PHOTO BY NICK ROHLMAN/THE GAZETTE - Blake Iske takes a sample at the Marshall Ridge Renewable Energy Center in State Center, Iowa on Wednesday, September 18, 2024. The facility’s three anaerobic manure digesters extract methane from dairy cow manure. (Nick Rohlman/The Gazette)

STATE CENTER — Iowa OSHA is investigating a central Iowa biogas digester after a whistleblower alleged that a 2023 fire injured two employees and that the site has ongoing natural gas leaks that endanger workers.

Meanwhile, Marshall Ridge Dairy is seeking a state permit to nearly double its herd from 8,000 dairy cows to 15,000.

Marshall Ridge, a $42 million facility that extracts methane from cow manure and turns it into renewable natural gas, had a fire in September 2023 that burned through the roof of a million-gallon digester tank, released methane and other gases and injured two employees, according to a complaint filed with the U.S. Environmental Protection Agency.

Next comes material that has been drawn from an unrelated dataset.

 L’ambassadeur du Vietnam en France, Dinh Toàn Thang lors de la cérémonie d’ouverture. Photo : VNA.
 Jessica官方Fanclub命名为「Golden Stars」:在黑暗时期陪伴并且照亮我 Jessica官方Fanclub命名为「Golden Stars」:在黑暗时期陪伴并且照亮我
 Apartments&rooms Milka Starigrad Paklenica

Rodney Richwine, who said he is a project manager with Clean Energy Fuels — a California company that owns the digester along with BP — said in the complaint filed Dec. 5 that Marshall Ridge leaked greenhouse gases for months as the facility struggled to connect with a pipeline to pump renewable natural gas to states with low-carbon fuel standards (LCFS) to earn big-time profits.

“This means that instead of reducing methane produced by this dairy as the LCFS credits the company receives from the state of California would indicate, the site actually took that manure, held it in three, 1-million-gallon digesters, heated and mixed it to produce far more methane,” Richwine wrote. “It then allowed that gas to leak into the atmosphere for seven months.”

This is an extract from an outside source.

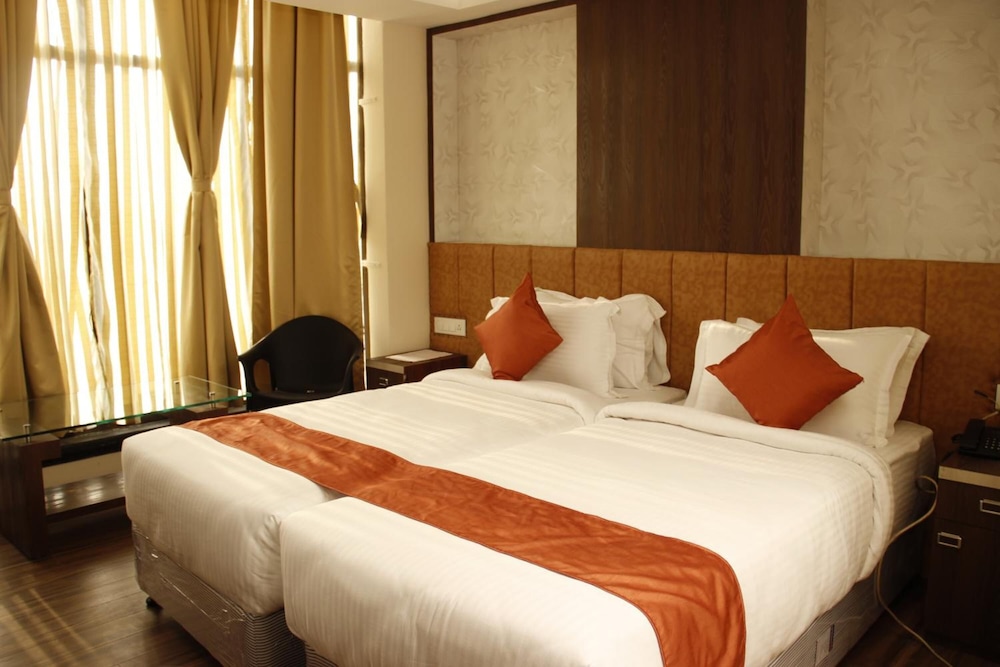 Regenta Inn Larica Ct 32/68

Clean Energy Fuels declined to answer questions about Richwine’s allegations, but said the company recently changed operators at Marshall Ridge.

“The owners of the renewable natural gas (RNG) digester at Marshall Ridge Dairy terminated their relationship with the operator earlier in February and have brought in one of the most well respected RNG operators in the country,” CE BP Renew Co said in an email Feb. 17.

“RNG is a fuel that brings tremendous environmental and economic benefits to the end users like the thousands of buses and trucks that cleanly operate on it and helps to mitigate methane emissions at dairy farms. We look forward to the new contractor with their vast experience taking over the operation of the RNG digester at Marshall Ridge.”

Safety issues under investigation

The Sept. 27, 2023, fire that burned through the roof of one of Marshall Ridge’s three digester tanks wasn’t reported to the State Center Fire Department, Fire Chief Brad Pfantz said.

“If it was something where the structure was on fire for a period of time, someone would have called 911,” he said. “I’m guessing the liner on the top of those is vinyl. It’s methane gas from manure that’s inside it. That gas somehow ignited and melted the vinyl roof. Once that burns off, there’s nothing left to burn.”

The same digester tank was without a roof for several weeks last fall as operators repaired a leak, the company said.

Richwine said in his complaint the 2023 fire “destroyed the roof membrane of digester 503 which held thousands of cubic feet of methane and injured two workers.”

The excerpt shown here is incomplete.